The three women were sentenced to two years in a prison colony on charges of “hooliganism motivated by religious hatred” following their anti-Putin “punk prayer” in a Moscow cathedral. Samutsevich was unexpectedly freed by an appeals court on Wednesday after successfully arguing that she did not fully take part in the performance.
“I didn’t expect it,” Samutsevich said, sitting in a central Moscow cafe wearing the same jeans and white sweater she wore to the appeal hearing. At her feet lay a canvas sack and large plastic bag filled with clothes, letters and books. She had just collected her belongings from the southern Moscow detention center that still holds her bandmates Maria Alekhina and Nadezhda Tolokonnikova.
Samutsevich described how the three friends had prepared themselves for prison during the appeal hearing.
“In court, we were talking about how we would go to the prison colony, what it would be like,” she said. “When they took us back into the courtroom, we said: ‘That was a very short deliberation, they probably won’t change the verdict.’”
A panel of three judges deliberated for just 40 minutes before announcing Samutsevich’s release.

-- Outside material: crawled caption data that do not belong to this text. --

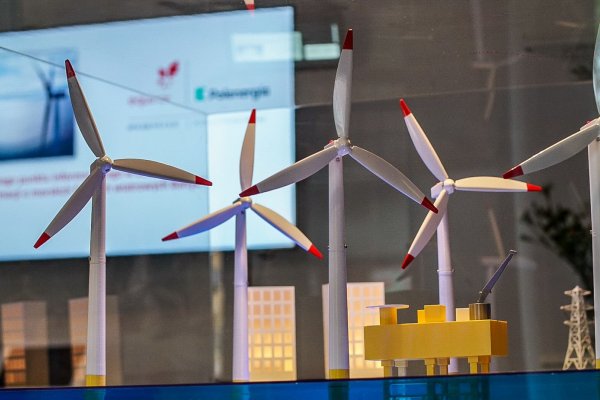 W Łebie ruszyło pierwsze w Polsce centrum informacji o morskich farmach wiatrowych. Za ...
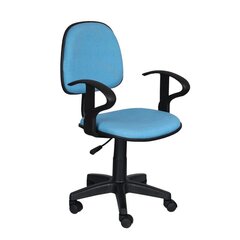 Офисное кресло Wood Garden Carmen 6012 светлый, синий цвет цена и информация | Офисные кресла | hansapost.ee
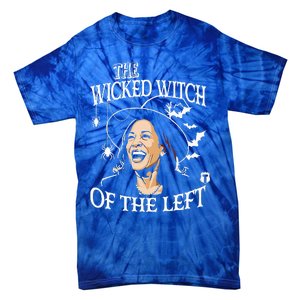 Kamala Harris – The Wicked Witch Of The Left Halloween Tie-Dye T-Shirt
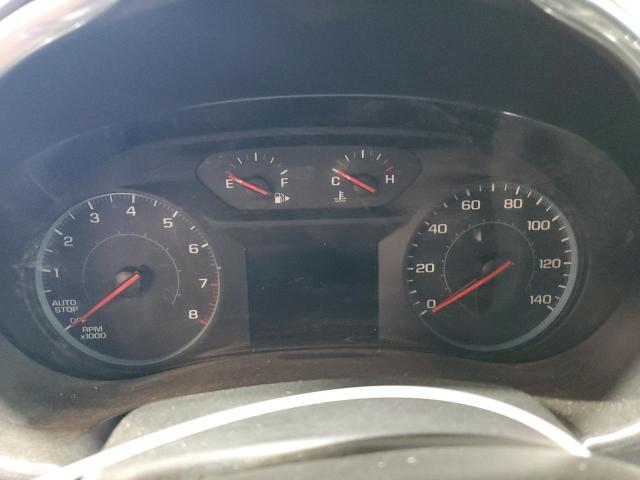 1G1ZD5ST0LF122156 - 2020 CHEVROLET MALIBU LT BLUE photo 9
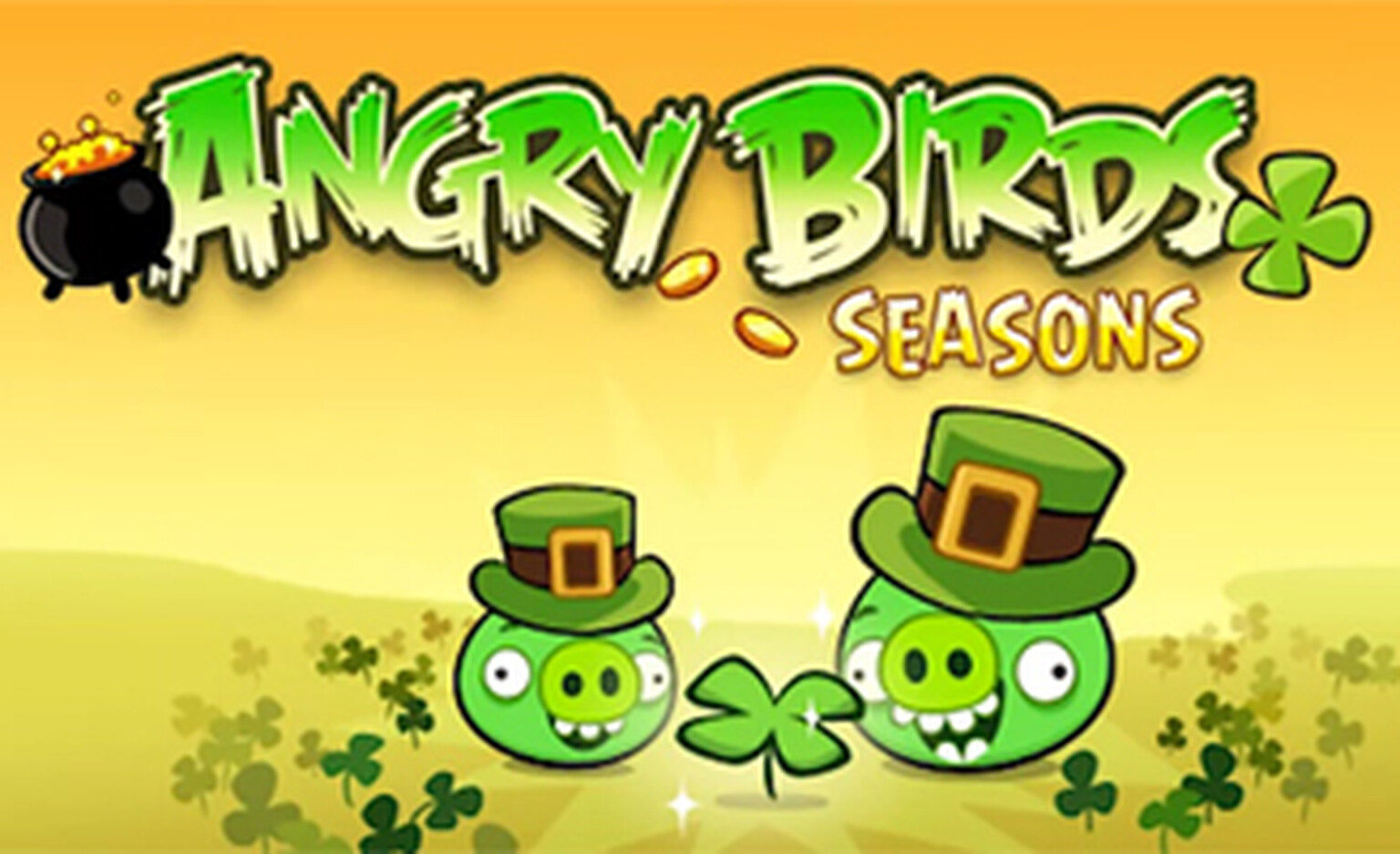 Stereotype O'Clock: Angry Birds Seasons to go green on St. Patrick's Day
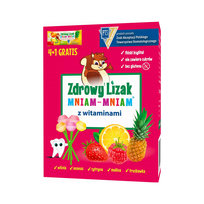 Starpharma, Zdrowy lizak z witaminami, 5 szt.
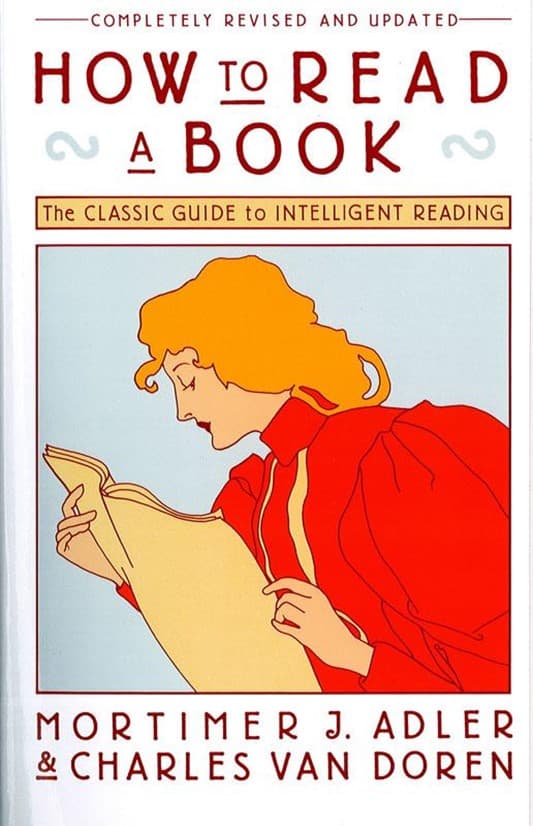 معرفی و دانلود کتاب How to Read a Book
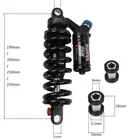 Горный велосипед DNM RCP-2S, для горного велосипеда, Mtb Enduro, горный, DH, задний амортизатор Fox190mm, 200m, 220mm, 240mm, 550 Lbs, подвесная рама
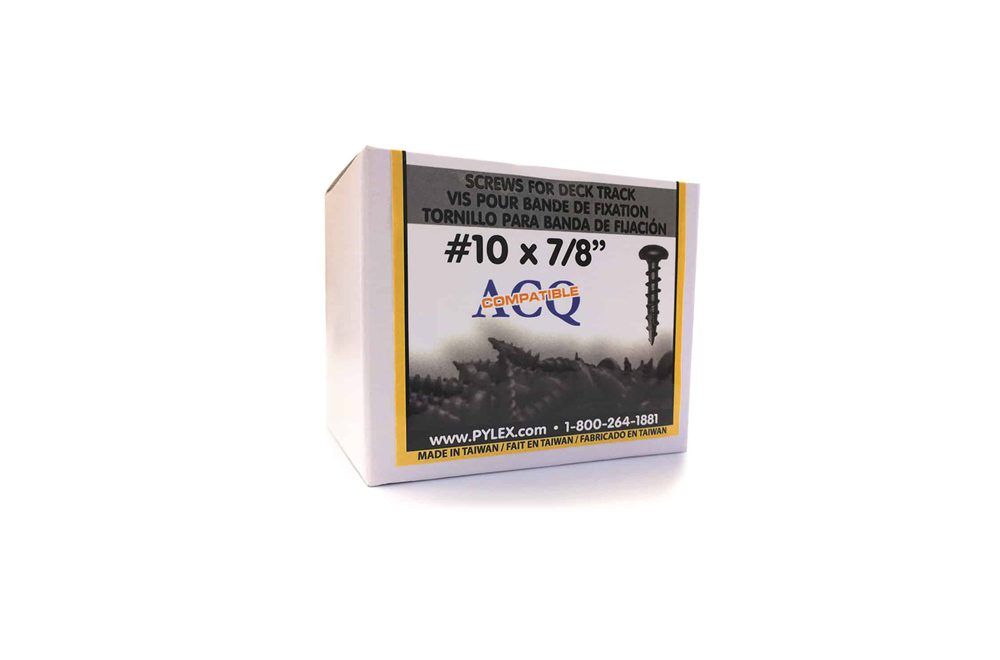 Pylex 10x7-8 deck track screws 12114 (2)
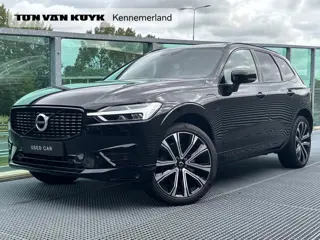 Volvo XC60 2.0 Recharge T6 AWD R-Design PHEV, Automaat, Panoramadak, Trekhaak semi elektrisch wegkla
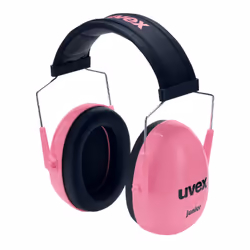 Uvex 2600013, Arceau, Noir, Rose, 29 dB, 167 g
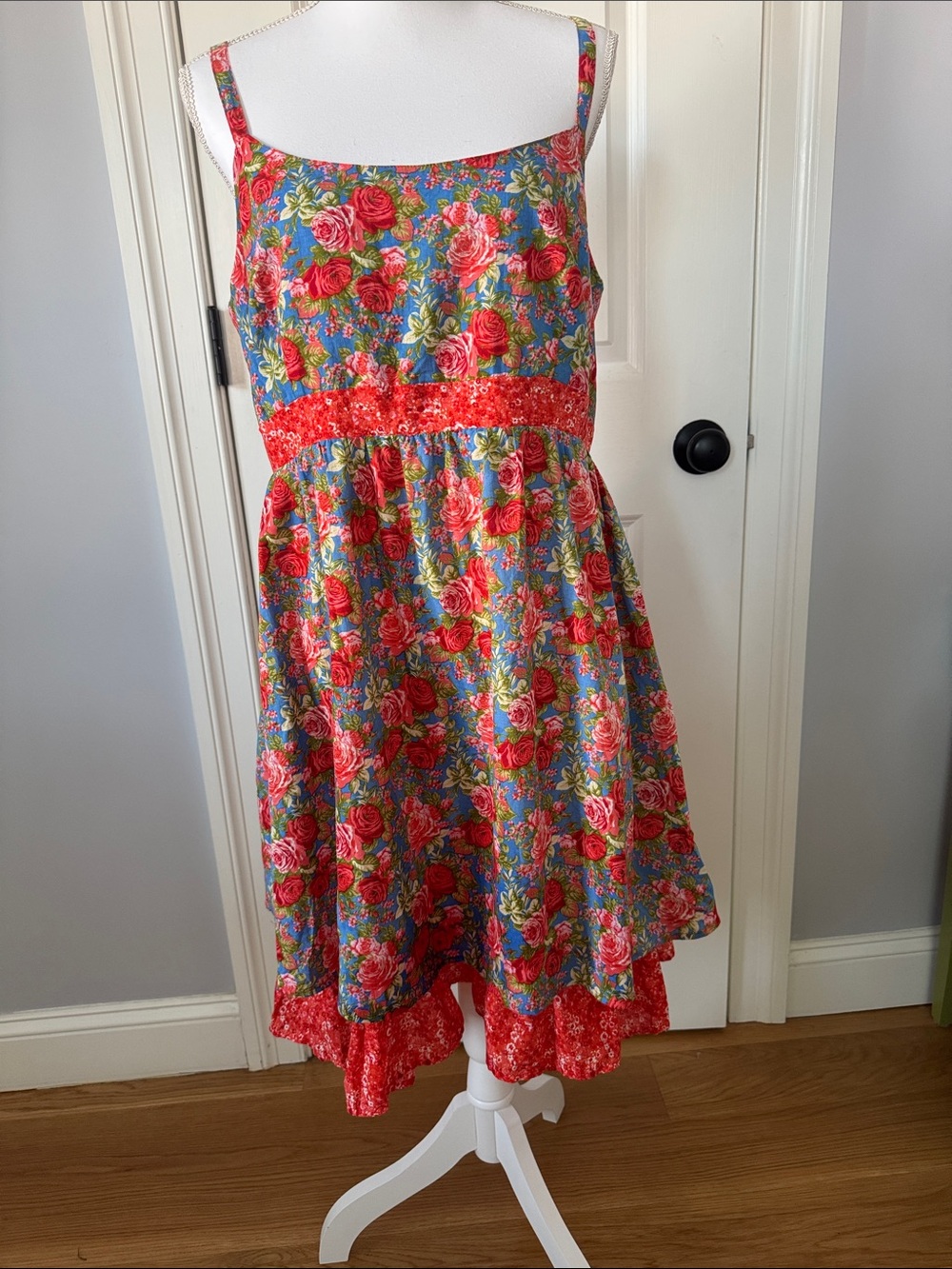 Vintage Floral Sundress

She struggled to explain the judges’ thinking.
“Maybe the authorities wanted to imitate the independence of the court system,” she said. “But it is just that — an imitation.”
The case against Pussy Riot was one of the most high-profile political trials in Russia since Putin first came to power 12 years ago. The president has condemned their performance and their name, while Russian Prime Minister Dmitry Medvedev said he was “nauseated” by the group’s action.
Samutsevich said Putin stood behind the decision to prosecute the band.
“Such decisions don’t happen without the president,” she said.
“It was either motivated by personal hate or it was a political step. They’re trying to marginalize us, to say we’re not normal people,” she said. “We were jailed for our political beliefs.”
Pussy Riot formed after Putin announced late last year that he planned to return to the presidency — a move that prompted mounting discontent to spill into the streets with a growing protest movement that vowed to prevent a return to totalitarianism.
The arrest of the three band members in early March was seen as a signal to other protesters. The Duma, Russia’s parliament, has since adopted a series of restrictive laws imposing fines on illegal protests and broadening a law on treason. Samutsevich said she would continue taking part in Pussy Riot’s anonymous performances. She does not worry that she is now recognized, often by people on the street.
“When a person is in a mask and a dress, she can become anonymous again,” she said.
She thought Russia’s security services would step up their surveillance.
“I must live imagining that everything is listened to, everything is read,” she said.
Samutsevich said Alekhina and Tolokonnikova were happy with her release.
As they hugged goodbye inside the courtroom’s glass cage, her fellow band members said: “Finally, one of us is free.”
Samutsevich said: “They said: ‘Keep going with the group’ and I said: ‘Of course.’”
Alekhina, 24, and Tolokonnikova, 22, both mothers to young children, are expected to be sent to distant prison colonies to serve the rest of their sentence until March 2014.
“Masha [Alekhina] especially is suffering for her child,” Samutsevich said. “It’s a big blow for her. For Nadya too. They have hardly seen their kids.”
Samutsevich described her seven months in pre-trial detention as a time of cold isolation in which the system exercised “total control.”
Wake-up came at 6am and lights out at 9pm. In between, there were three meals a day — porridge for breakfast, soup or a potato for lunch and porridge or soup for dinner.
Once a week, she was allowed 30 minutes of privacy for a shower. Otherwise, she was led everywhere by a guard. She shared her cell with three women, all charged with economic crimes. They were subjected to random searches, as guards hunted for banned items such as mobile phones.
“That’s what they said, but they always read my letters.” Samutsevich said she would get around a dozen letters a day from supporters.